If the problem of induction is to distinguish good from bad inductions, then its metaphysical form—say in what the difference consists—seems insoluble. Nor does there seem to be any general solution to the epistemological form of the problem—find a method for distinguishing good or reliable inductive habits from bad or unreliable habits. But modest efforts to solve special cases of the epistemological problem, some of which are discussed above, have in many cases enjoyed dramatic success.

### 8.4 Why trust induction? The question revisited

We can now return to the general question posed in section 1: Why trust induction more than other methods? Why not consult sacred writings, or “the wisdom of crowds” to explain and predict the movements of the planets, the weather, automotive breakdowns or the evolution of species?

#### 8.4.1 The wisdom of crowds

The wisdom of crowds can appear to be an alternative to induction. James Surowiecki argued, in the book of this title (Surowiecki, 2004) with many interesting examples that groups often make better decisions than even informed individuals. It is important to emphasize that the model requires independence of the individual decisions and also a sort of diversity to assure that different sources of information are at work, so it is to be sharply distinguished from judging the mass opinion of a group that shares information and reaches a consensus in discussion. The obvious method suggested by Surowiecki's thesis is to consult polls or predictions markets rather than to experiment or sample on one's own. (See, for example, the link to prediction markets in the Other Internet Resources section of this entry.)

A precise justification for trusting the wisdom of crowds is provided
by the *Condorcet Jury Theorem*. (See section 5.6.2 above) As
the theorem makes evident,the wisdom of crowds is not to be contrasted
with inductive reasoning, indeed it depends upon the inductive
principle expressed in the Condorcet theorem to amalgamate correctly
the individual testimonies as well as upon the diversity of individual
reasonings. What is valuable in the method is the diversity of ways of
forming beliefs. This amounts to a form of the requirement of total
evidence, briefly discussed in section 3.3 above.
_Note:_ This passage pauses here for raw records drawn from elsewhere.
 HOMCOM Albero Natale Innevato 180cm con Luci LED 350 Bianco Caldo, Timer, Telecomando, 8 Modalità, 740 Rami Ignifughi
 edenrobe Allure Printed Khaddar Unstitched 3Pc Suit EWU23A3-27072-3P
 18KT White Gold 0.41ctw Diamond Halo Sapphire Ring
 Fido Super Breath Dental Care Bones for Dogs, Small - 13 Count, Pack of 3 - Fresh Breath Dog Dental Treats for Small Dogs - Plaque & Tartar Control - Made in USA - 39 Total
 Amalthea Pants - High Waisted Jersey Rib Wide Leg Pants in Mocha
The wisdom of crowds can be seen as a primitive prolegomenon to social epistemology. Social epistemology studies methods - stronger and more sophisticated than those supported by the Condorcet theorem - by which groups may conduct inquiry, including scientific inquiry. It pretends not at all to replace induction, but to extend and enrich it. (See Goldman 1999 and the entry on social epistemology.)
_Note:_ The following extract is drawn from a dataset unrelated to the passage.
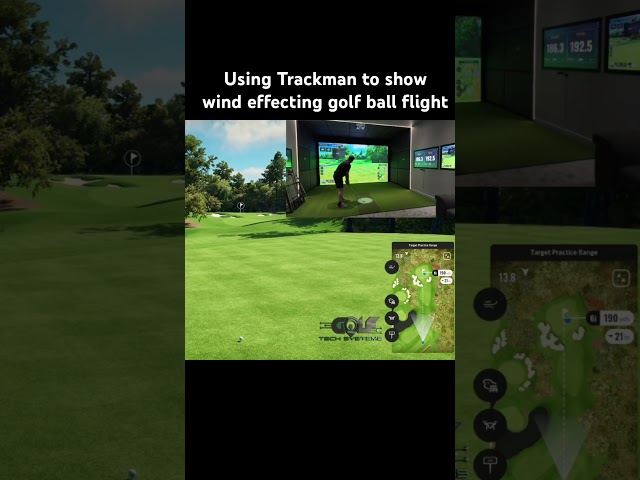 Using Trackman to show wind effecting golf ball flight #golftech #golf #trackmangolf #golfsimulator
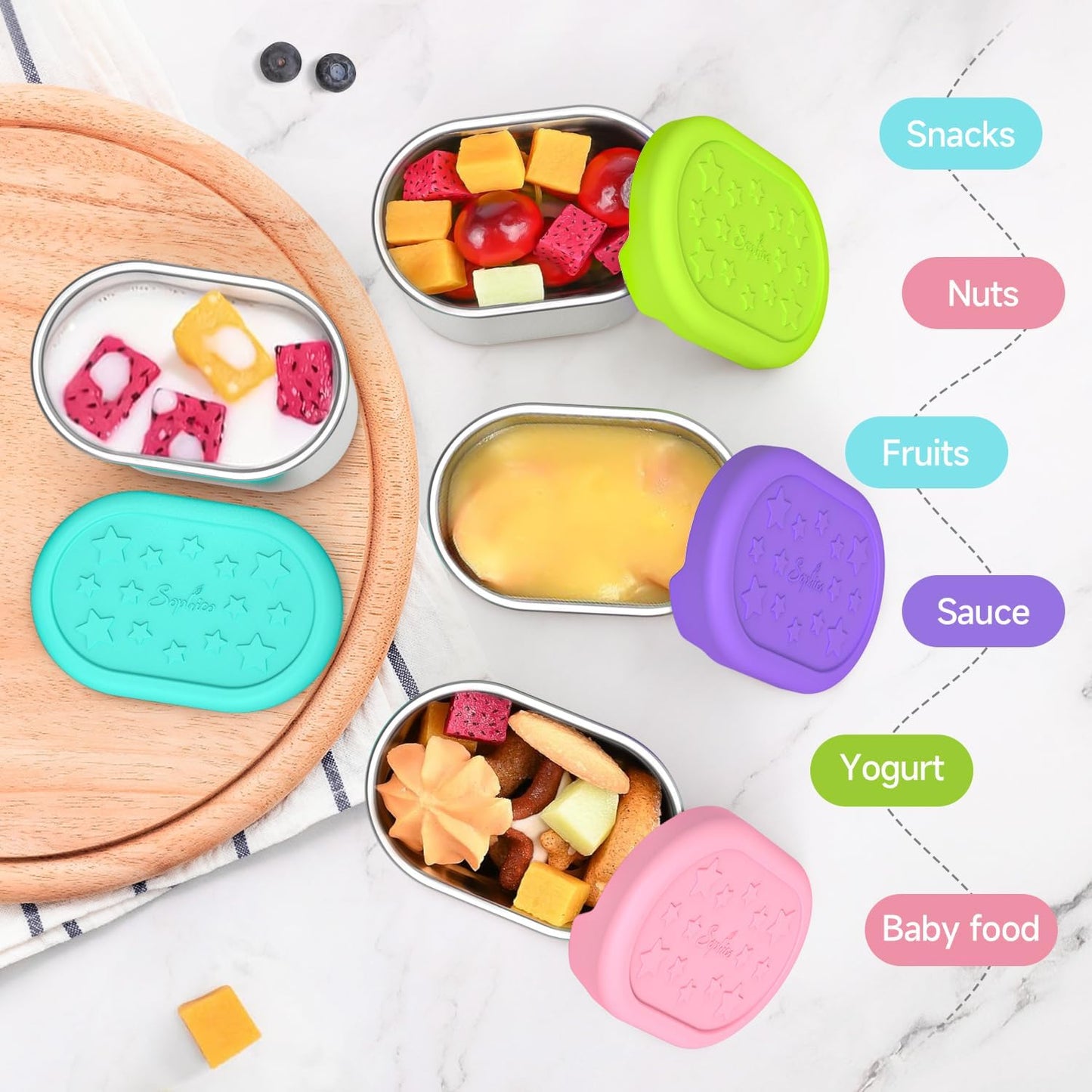 SOPHICO Stainless Steel Salad Dressing Condiment Containers with Leakproof Silicone Lids, 3 oz Mini Sauce Container and Portion Bento Box of Kids Lunch to Go for Snack, Dessert (MIX, 4 PACK)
As with Reichenbach's account of single-case probabilities, the wisdom of crowds depends essentially upon testimony.

#### 8.4.2 Creationism and Intelligent Design

The wisdom of crowds thus depends upon good inductive reasoning. The use of sacred writings or other authorities to support judgments about worldly matters is, however, another matter. Christian creationism, a collection of views according to which the biblical myth of creation, primarily as found in the early chapters of the book of Genesis, explains, either in literal detail or in metaphorical language, the origins of life and the universe, is perhaps the most popular alternative to accepted physical theory and the Darwinian account of life forms in terms of natural selection. (See Ruse 2005 and the entry on creationism). Christian creationism, nurtured and propagated for the most part in the United States, contradicts inductively supported scientific theories, and depends not at all upon any recognizable inductive argument. Many of us find it difficult to take the view seriously, but, according to a 2005 poll by CBS news, 51% of Americans hold that God created Humans in their present form; 30% hold that humans evolved but God guided the process and 15% believe that humans evolved and God did not guide the process. (Alfano, 1955)
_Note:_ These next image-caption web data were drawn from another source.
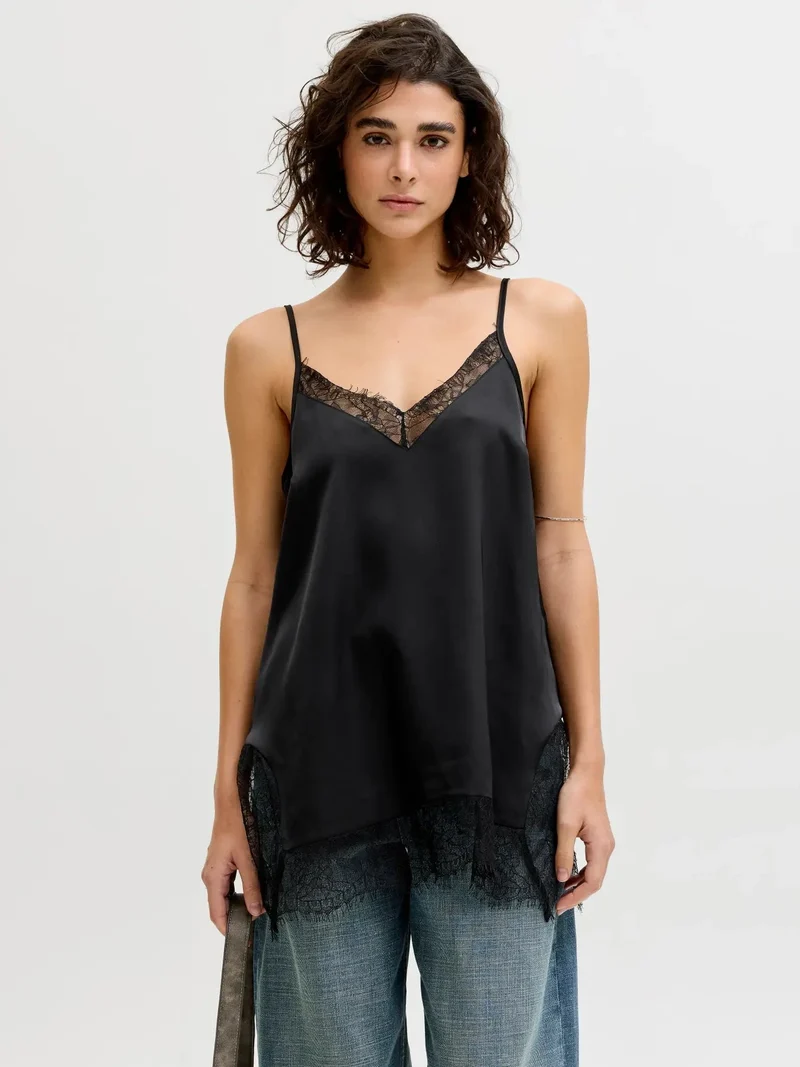 Jjxx - Jxvima Singlet Satin Lace Long Top - 5076719 Black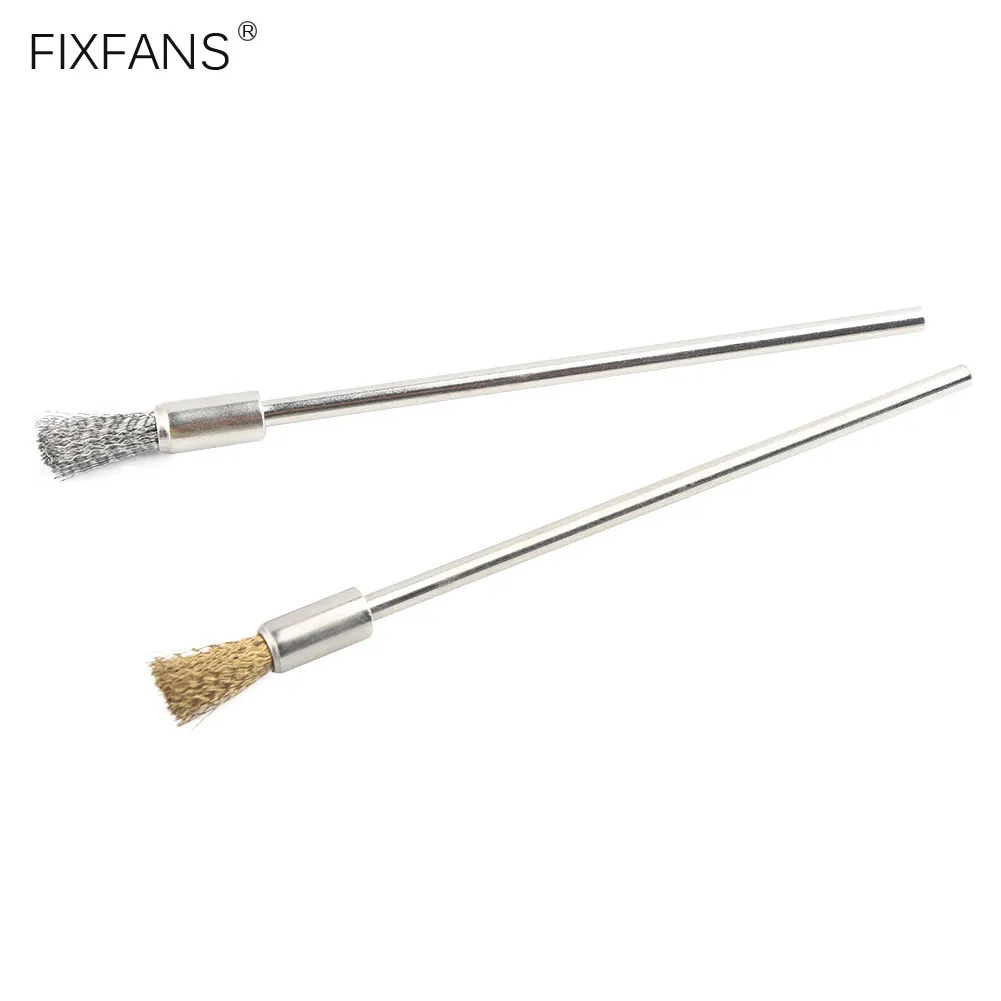 3mm shank caneta estilo pequena escova de limpeza ferrugem pintura removedor ferramenta mais limpa fio de aço inoxidável escova e fio de bronze conjunto escova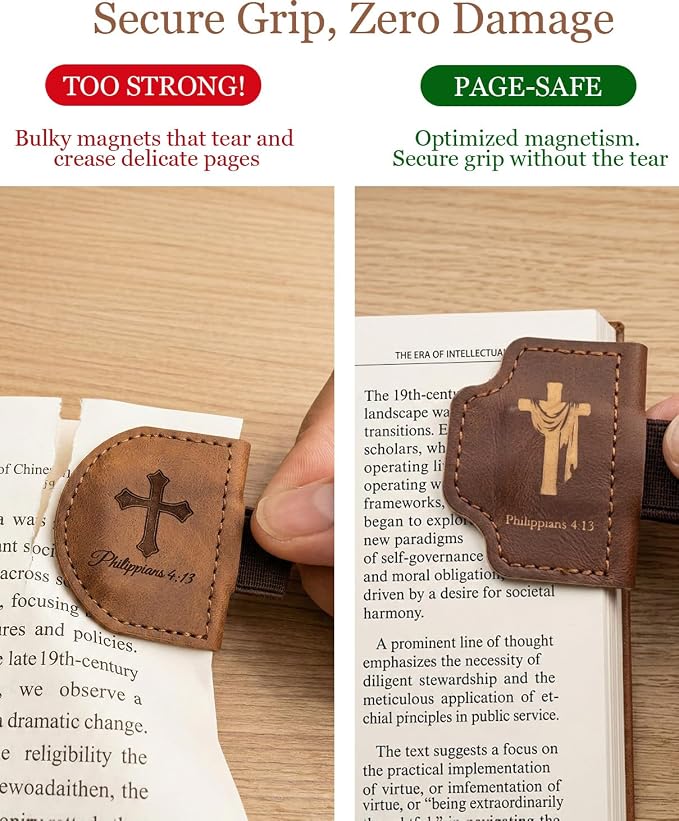 3-Pack Magnetic Leather Bookmarks for Bible, Thin Page Markers with Small Pen Loop, Laser Engraved Religious Christian Gifts for Women & Men, Vintage Leather, Page-Safe Magnets (Bible Verses)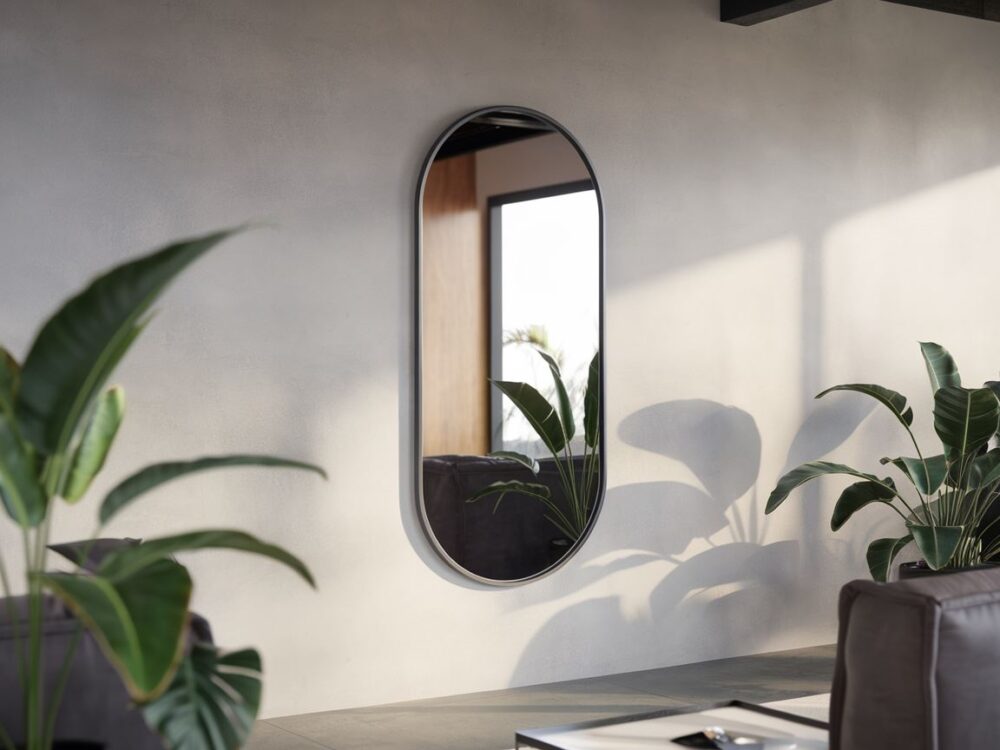 lustro do salonu grafit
The apparent absurdity of Creationism has led some opponents of
evolutionism and the doctrine of natural selection to eschew biblical
forms of the view and to formulate a weaker thesis, known as *the
theory of intelligent design* (Behe 1996, Dembski
1998). Intelligent design cites largely unquestioned evidence of two
sorts: The delicate balance (that even a minute change in any of many
physical constants would tip the physical universe into disequilibrium
and chaotic collapse) and the complexity of life (that life forms on
earth are very complex). The primary thesis of intelligent design is
that the hypothesis of a designing intelligence explains these
phenomena better than do current physical theories and Darwinian
natural selection.

Intelligent design is thus not opposed to induction. Indeed its central argument is frankly inductive, a claim about likelihoods:

P(balance and complexity | intelligent design) >P(balance and complexity | current physics and biology)

Creationism and its offspring Intelligent Design have also an Islamic form, expressed in (Yahya 2007) also available online in eleven languages. The doctrines are gaining wide currency among Muslims in Europe who demand that they be taught in the schools.

There are a number of difficulties with the theory of intelligent design; these are explained in detail by Elliott Sober in (Sober 2002). (This article also includes an excellent primer on the sorts of probabilistic inference involved in the likelihood claim. See also the article on creationism.) Briefly put, there are problems of two sorts, both clearly put in Sober's article: First, intelligent design theorists “don't take even the first steps towards formulating an alternative theory of their own that confers probabilities on what we observe” as the likelihood principle would require (75). Second, the intelligent design argument depends upon a probabilistic fallacy. The biological argument, to restrict consideration to that, infers from

1. Prob(organisms are very complex | evolutionary theory) = low.

2. Organisms are very complex.

to

3. Prob(evolutionary theory) = low.

To see the fallacy, compare this with

1. Prob(double zero | the roulette wheel is fair) = low.

2. Double zero occurred.

Therefore,

3. Prob(the wheel is fair) = low.

What is to be emphasized here, however, is not the fallaciousness of the arguments adduced in favor of intelligent design. It is that intelligent design, far from presenting an alternative to induction, presumes certain important inductive principles.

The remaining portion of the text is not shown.